After reading Stephen King’s IT in high school, I had to sleep with the light on for a month. I also refused to use the bathroom sink after dark—fearing what might call out to me from the pipes—and developed a serious aversion to clowns.
Growing up, Stephen King novels weren’t the only thing keeping me up at night. Nuclear war, The Exorcist (and exorcisms in general), and several Twilight Zone episodes vied for the attention of my overactive imagination in the wee hours of the night. I often needed to fall asleep with the TV on or headphones in my ears.
October is a good month to blog about fears. Mine have changed as I’ve gotten older mostly because they’re more grounded in reality. I had a writing professor in college who said that real life is often more interesting than anything we can make up. I would submit to you that real life is also scarier than fiction. Pennywise the clown has been replaced in my psyche by things that can actually happen or have happened already. I find my new set of fears difficult to talk about and even harder to write about. But at least fiction allows me to place my characters between myself and those fears—to wear a mask as I try to sort out what scares us both.
For this post though, I thought I’d keep it light and share with you my run-of-the-mill fears—the kind that make me laugh and keep the big ones at bay.
Running out of coffee.
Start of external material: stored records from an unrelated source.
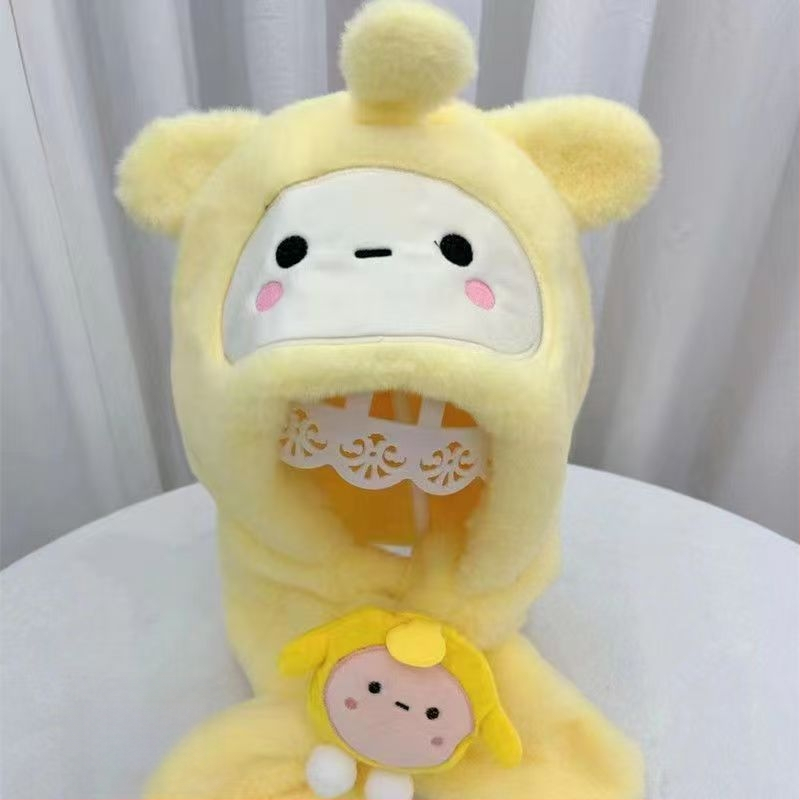 Детска качулка-шал с ушна защита, пухена изкуствена зайчева козина, бродирана обработка, есен 2023, за деца 2–4, 4–6 и 8–10 г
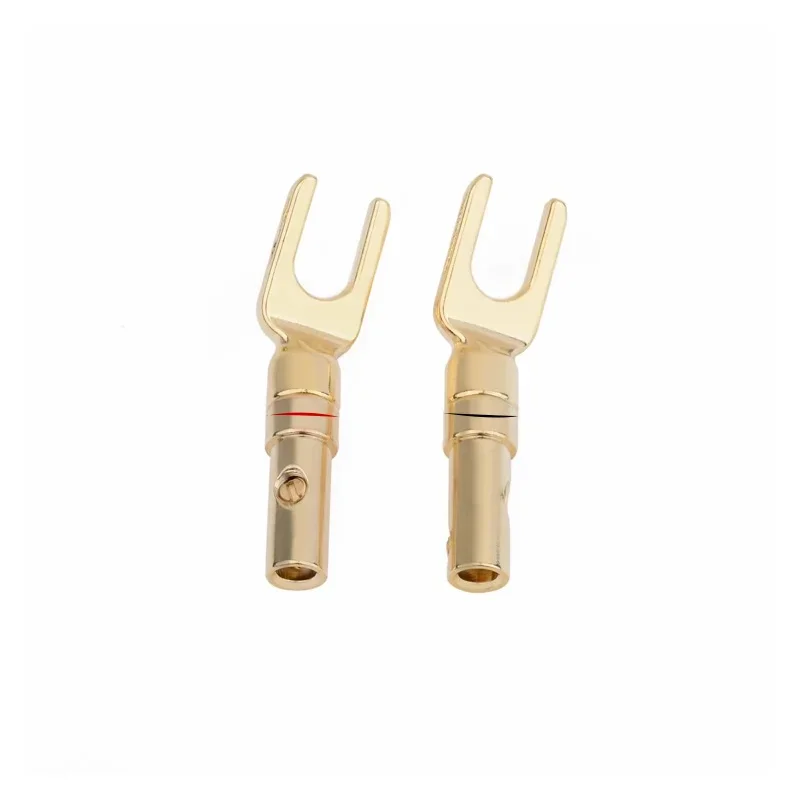 8Pcs Y Spade Speaker Brass Gold Plated And Silver Plated Plugs Audio Screw Fork  Adapter Connector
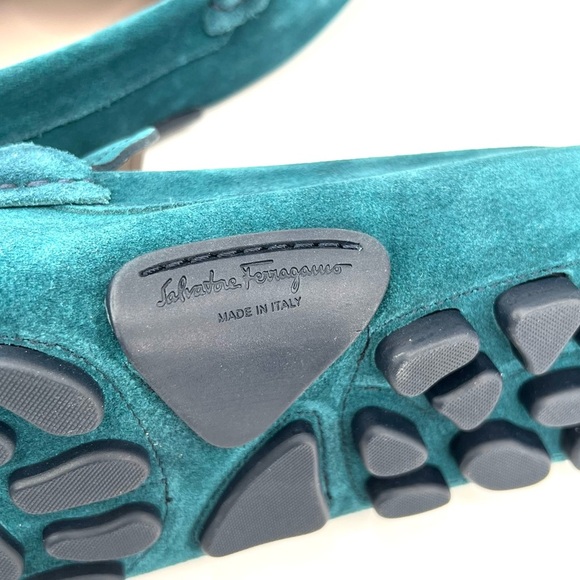 Salvatore Ferragamo Salamanca Teal Suede Gancini Driving Loafer US 7.5 - EU 41.5 - Picture 7 of 13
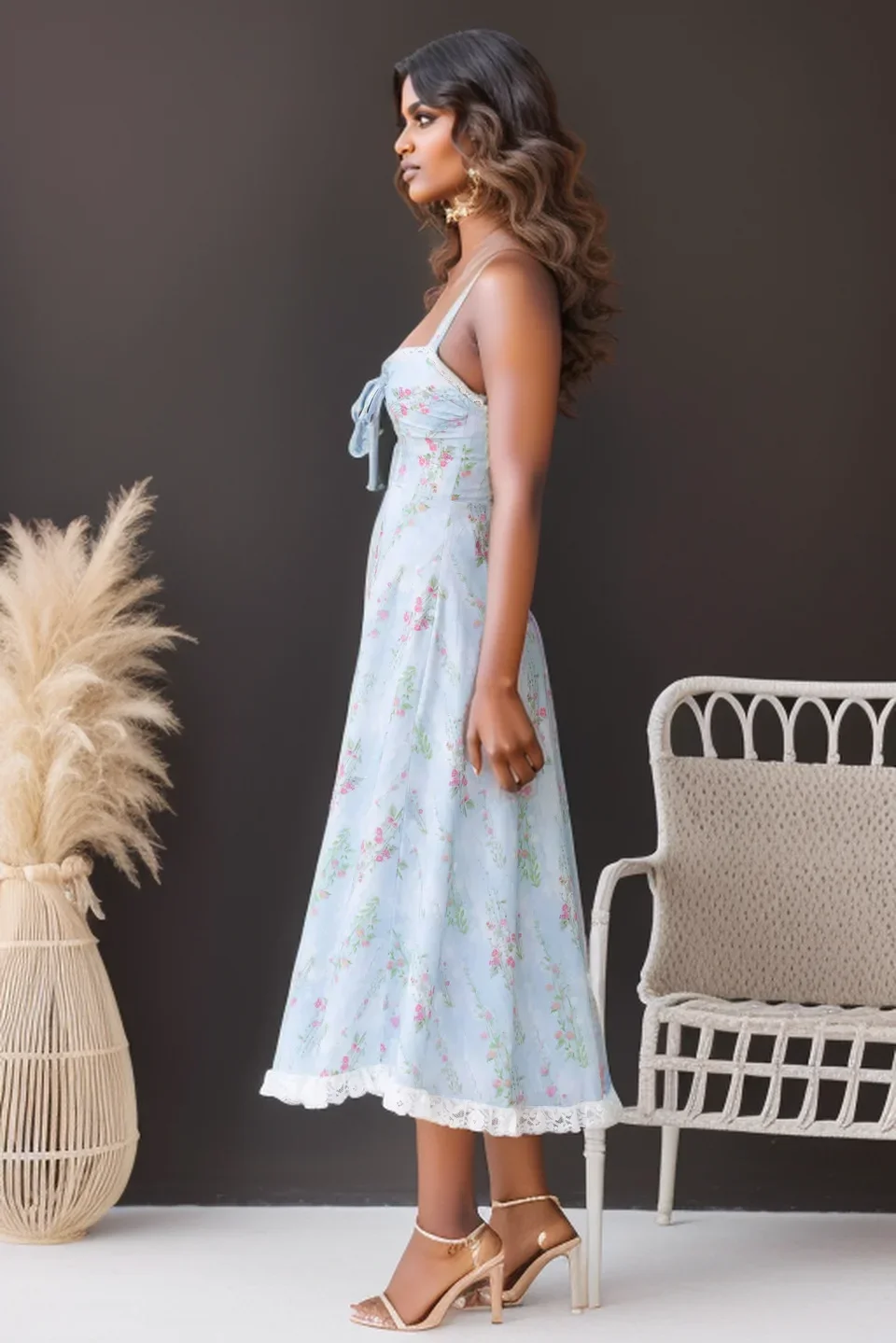 نحيل عالية الخصر أنيقة الأزهار طباعة فساتين مثير عارية الذراعين الدانتيل متابعة الدانتيل حمالة فستان بكتافة جديد الصيف المرأة فستان ماكسي #4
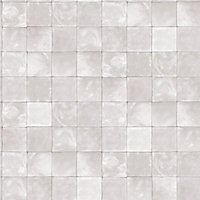 Galerie Evergreen Grey Mica Aqua Tile Smooth Wallpaper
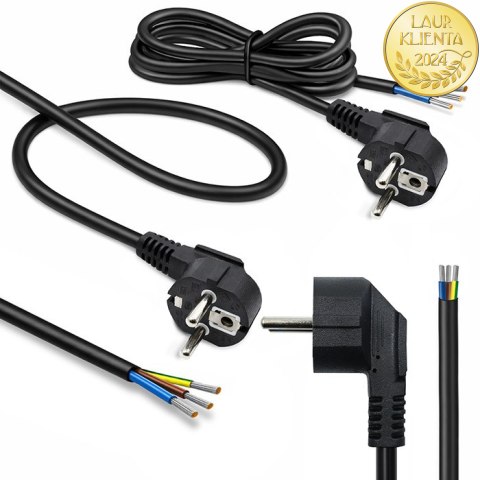 Qoltec Kabel zasilający | wtyczka kątowa SCHUKO CEE 7/7 (E/F) | miedź Cu | odizolowany lutowany | 3x0.75 mm² | 3m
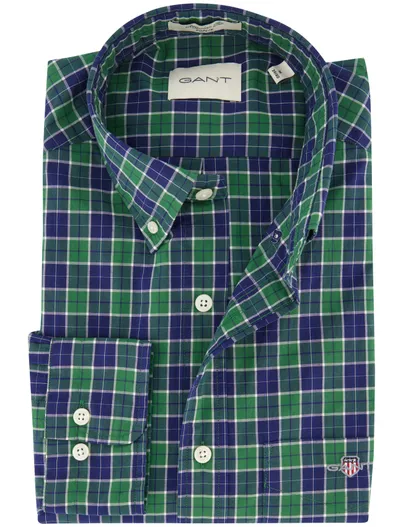 Gant Casual overhemd Gant Regular Fit groen katoen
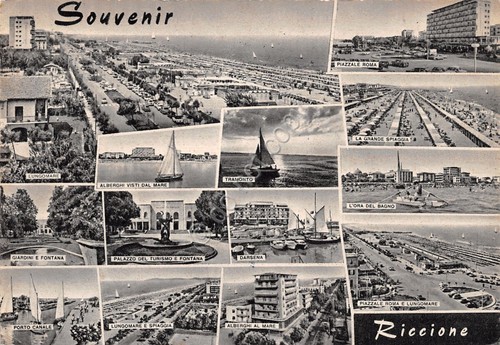 Cartolina Riccione piccole vedute BN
Followed closely by running out of wine and toilet paper. I tend to stockpile all three.
School picture day. For the past six years, I’ve organized the photographing of 550 students ranging in age from three to ten at my child’s school. The process has sent more than one brave parent running.
Laundry. It never, ever ends. Tell me that’s not a nightmare.
The guy in my fitness class who wears spandex shorts from 1986 and cropped tops from the same era. Neither offers ample coverage or support.
And along these same lines is my 90-year-old neighbor who bares his milk-white legs as he sports only a bathrobe and slippers when he walks to the driveway’s end every day around noon to retrieve his newspaper.
Spider crickets. I encountered one of these gargantuan hopping creatures in my kitchen one morning. Trying to whack that thing with a broom at 6 a.m. was like battling Smaug. I’d post a pic here, but it would only give me nightmares. Google them if you’re curious. Be warned. They ain’t pretty.
The scale in the doctor’s office.
Public speaking. I delivered gave a 15-minute speech at Rutgers University Council on Children’s Literature One-on-One Plus conference on Saturday. It was a tremendous honor to speak there, but my knees shook the whole time. Who knew that knees really do knock together.
Derek Jeter’s retirement and George Clooney’s marriage, cause both may signal the end of the world as we know it, right?
Donald Trump’s hair.
The Honey Boo Boo mom’s feet.
Scraping the seeds out of a pumpkin. Though I love just about everything else about pumpkins including carving them and their faux flavor in my latte.
Missing a deadline.
Reviews. Particularly from The Magazine That Shall Not Be Named.